Accidentally saw Fatal Attraction when I was flipping channels just now. I remember seeing that movie when I was just a kid, freaking out when the part where a rabbit was boiled to dead came on TV (and of course feeling a bit aroused upon the steamy under-the-fan sex scene). Now what I have in me is completely different.
Glenn Close character, Alex, died in the end, just like any other creepy obsessive villains. The family which she attempted to destroy was together eventually, shiny and new, after going through the hardship together. Sounds idea but that’s what I don’t want to ending to turn into, although I did know that it was going to end this way. I want the guy to suffer just a slice of what that woman’d been suffering. I want the guy to pay for what he did. He couldn’t just take what he wanted and be gone, ignoring the damage he left behind, especially when he’d built someone’s hope up.
Alex kept on calling the man she once slept with, threatening him to spill the beans to his beloving wife and all that. Yes, she took it a little too far but isn’t it that wrong hold such resentment after falling in love with a man, giving him your flesh and bone, trying to be apart of his life but then being rejected, cast out, or even considered less than nothing and pushed to the edge?
She tried to get tickets for his favorite opera shows only to be turned down. She tried to have him call just to be reminded that she still got someone showing her a bit of care or if luckier, affection. She abducted his daughter just to have a chance to taste what it’s like to have a family with the one that took her heart. Isn’t it that wrong to deserve such consequences in the end?
Everybody was there, wasn’t they? I used to be in a place where all I wanted was to maltreating myself in the most obvious way possible so that people who walked away from me would hopefully not turn away, just like what Alex did to herself. I used to be in the place where all I could think of is vengeance, is how to make those people suffer from the very same thing they’d done to me. I used to be in a place where a single hug or kiss from such people could make me clean all over again, from those negativity.
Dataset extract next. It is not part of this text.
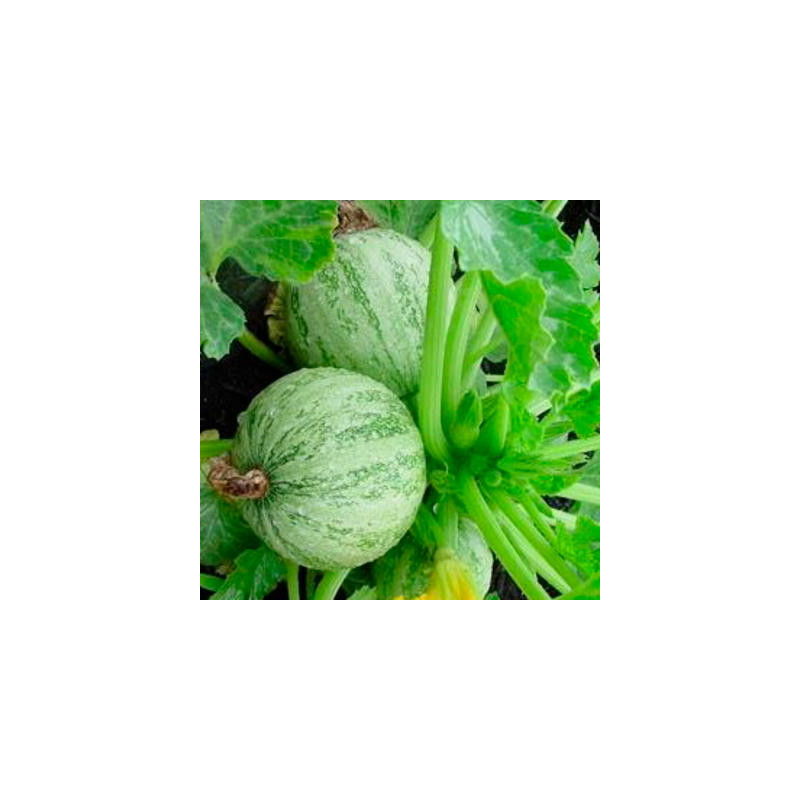 Courgette ronde de Nice bio sachet de 12 graines Courgette ronde de Nice bio sachet de 12 graines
You call that begging for attention or pity? I don’t mind. It could be pity that I asked for. But it could also be what’s mine.
When Alex was drowned by the one she held dearest in her empty broken body, I could sense such unbearable pain spreading into the water, suffocating a human being with just one little desire until all that she could do is letting out her final breath. Maybe in a different movie, she would be able to keep that peaceful look while dining with the man, saying “I feel like I know you already”, and find someone who could really save her soul.
On a second thought, maybe I wouldn’t be able to find strong connections with Alex in such world.